Jusqu'au bout, le doute aura subsisté sur la capacité de la Commission électorale (Céni) à organiser ce quadruple scrutin, dans un pays de 2,3 millions de km2 manquant cruellement d'infrastructures. L'acheminement des "machines à voter", bulletins et autre matériel électoral jusque dans les zones rurales reste un réel défi.
A huit jours seulement du vote, le gouvernement a demandé l'appui logistique de la Mission de l'ONU dans le pays (Monusco), alors que par ailleurs il l'accuse de ne servir à rien et réclame son départ. L'ONU a accédé vendredi à sa requête.
"Discours de haine"
Dimanche sur X (ex-Twitter), le porte-parole du gouvernement, Patrick Muyaya, assurait que le peuple congolais allait pouvoir "élire dans la paix et la sérénité ses nouveaux dirigeants". "Deux avions Hercules C-130 de l'armée égyptienne, des appareils (de l'armée congolaise) et des hélicoptères" ont été mis à la disposition de la Céni par le gouvernement, en plus de l'appui de la Monusco, disait-il.
Au regard du passé politique violent de la RDC, où les élections de 2018, quoique très contestées, avaient marqué la première alternance pacifique, la campagne électorale s'est déroulée dans un calme relatif. Mais Human Rights Watch a alerté ce week-end sur les violences électorales qui "risquent de compromettre la tenue du scrutin". Depuis début octobre, l'ONG dit avoir documenté des affrontements entre partisans de partis rivaux ayant conduit à "des agressions, des violences sexuelles et au moins un mort".
L'inquiétude est grande aussi au vu des "discours de haine" tenus pendant la campagne, qui augmentent les risques de violences entre communautés. La cheffe de la Monusco, Bintou Keita, a elle-même fait part sur X de sa "préoccupation" face à ce type de discours et à "l'escalade de la violence".

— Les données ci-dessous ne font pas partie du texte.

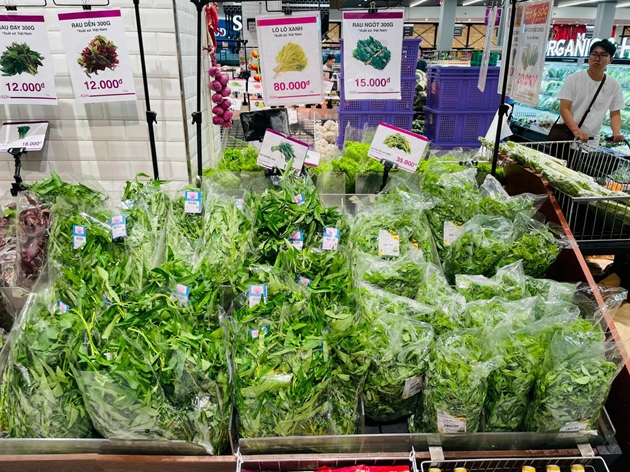 Các hệ thống siêu thị cung cấp đầy đủ với giá cả ổn định thực phẩm tươi, hàng hóa thiết yếu.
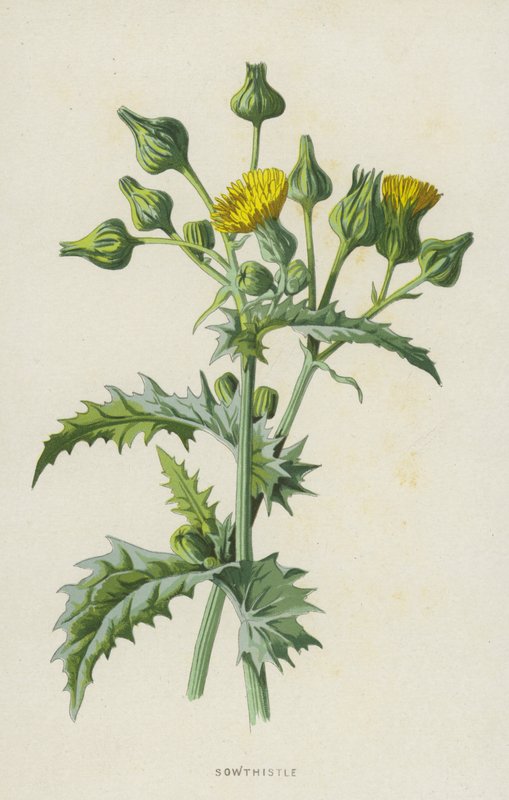 koca (chromolitho) alkotó: Frederick Edward Hulme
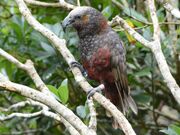 New Zealand kaka.jpg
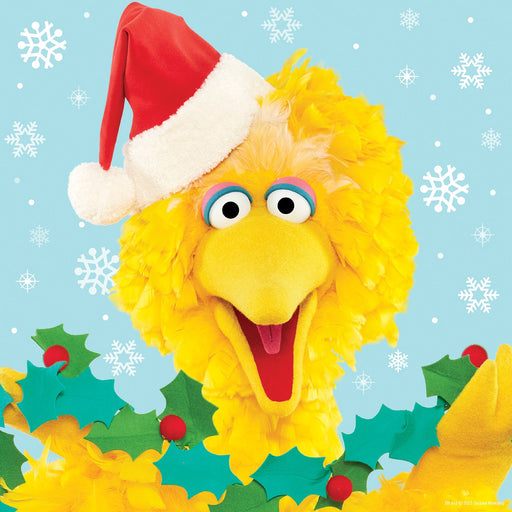 Sesame Street Holiday - Big Bird 25 Piece Jigsaw Puzzle - Just $7.99! Shop now at Retro Gaming of Denver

Le climat de la campagne a été empoisonné par la situation sécuritaire dans l'est du pays, qui connait un pic de tension depuis deux ans avec la résurgence d'une rébellion (le M23) soutenue par le Rwanda voisin. Les combats se sont calmés depuis environ une semaine, mais les rebelles continuent d'occuper de vastes pans de territoire du Nord-Kivu, dans lesquels les habitants seront privés de vote.